Date: Mon, 27 Sep 1999 04:22:53 -0700
From: Paul Leyland <[EMAIL PROTECTED]>
Subject: RE: Mersenne: Re: FFTW for GIMPS?

> From: Olivier Langlois [mailto:[EMAIL PROTECTED]]
> I've played a little bit FFTW and I've remarked that its performance can
> vary a lot depending on how good your compiler is at optimization.
> 
> For instance, compiled FFTW code is far from optimal with MSVC++ 6. This
> compiler doesn't fully use the FPU stack like an ASM programmer could do
and
> I don't know why since I'm sure that writing a compiler that would make a
> good usage of the FPU registers is far from impossible.
> 
> So, the compiler you use to compile FFTW is a major factor for the
> performance you'll get from it.
> 
> I don't know if someone have done similar experiences and if there is a
> better compiler than MSVC for intensive FP code.

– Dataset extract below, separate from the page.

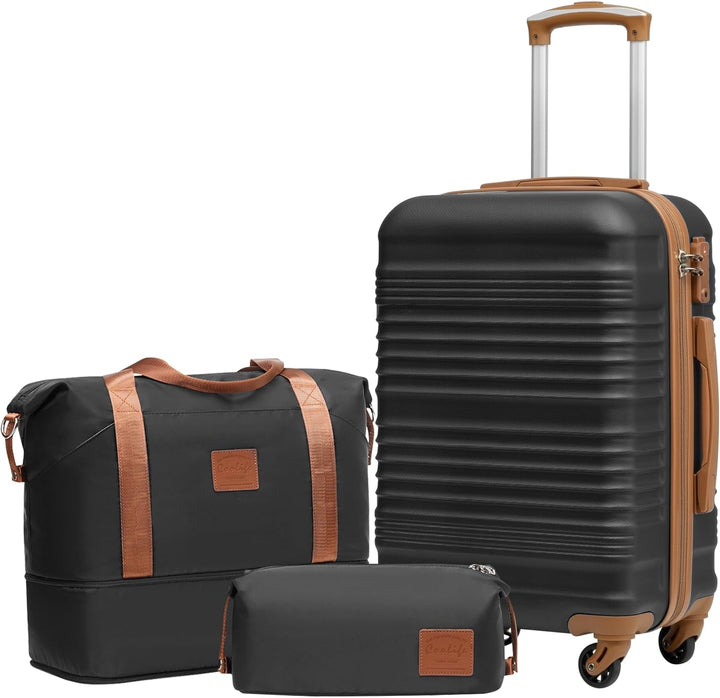 COOLIFE Koffer-Set Trolley Koffer ABS Hartschale Reisekoffer 4 Rollen TSA-Schloss einziehbarer Troll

Actually, we at Microsoft Research in Cambridge have seen similar effects
when compiling and running FFTW code.  Our discovery is that the alignment
of FP data values is critical.  Get it wrong, and performance can plummet.
Unless you set the alignment explicitly, it will be wrong approximately half
the time.

Jonathan Hardwick investigated this effect as part of his research into
high-performance computing.  He gave an internal seminar (which is where I
learned about it) and wrote it up in detail.  The full details are at
http://www.research.microsoft.com/users/jch/fftw-performance.html


Paul

_________________________________________________________________
Unsubscribe & list info -- http://www.scruz.net/~luke/signup.htm
Mersenne Prime FAQ      -- http://www.tasam.com/~lrwiman/FAQ-mers

------------------------------

Date: Mon, 27 Sep 1999 16:02:38 +0100
From: Robin Stevens <[EMAIL PROTECTED]>
Subject: Re: Mersenne: Linux error 2250 (was Front-end design)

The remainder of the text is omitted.